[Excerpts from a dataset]
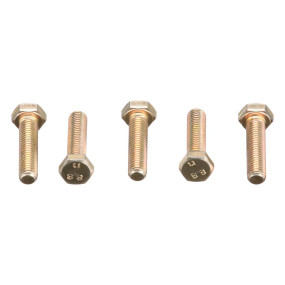 Schraube Case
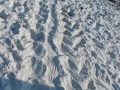 loggerheadtrack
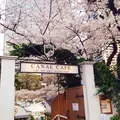 CANAL CAFE（カナルカフェ）の写真_116845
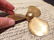 Brass Nautical Boat Propeller Paperweight Desk Figure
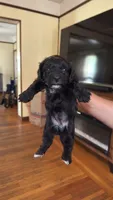Female Puppy 3, a male Poodle - Miniature  and Bernedoodle for sale in Providence, RI – 2 of 6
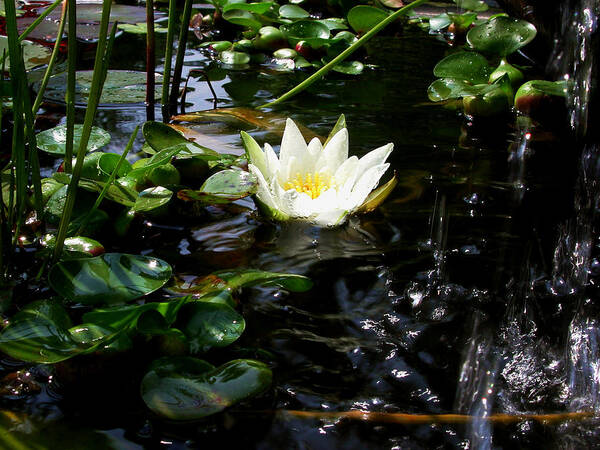 Waterlily Art Print featuring the photograph White Lily by Waterfall by Mike Kling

> [Required work]
The records above must be echoed exactly, minus their pictures.

> [Response to the task]
 Schraube Case
 loggerheadtrack
 CANAL CAFE（カナルカフェ）の写真_116845
 Brass Nautical Boat Propeller Paperweight Desk Figure
Female Puppy 3, a male Poodle - Miniature  and Bernedoodle for sale in Providence, RI – 2 of 6
 Waterlily Art Print featuring the photograph White Lily by Waterfall by Mike Kling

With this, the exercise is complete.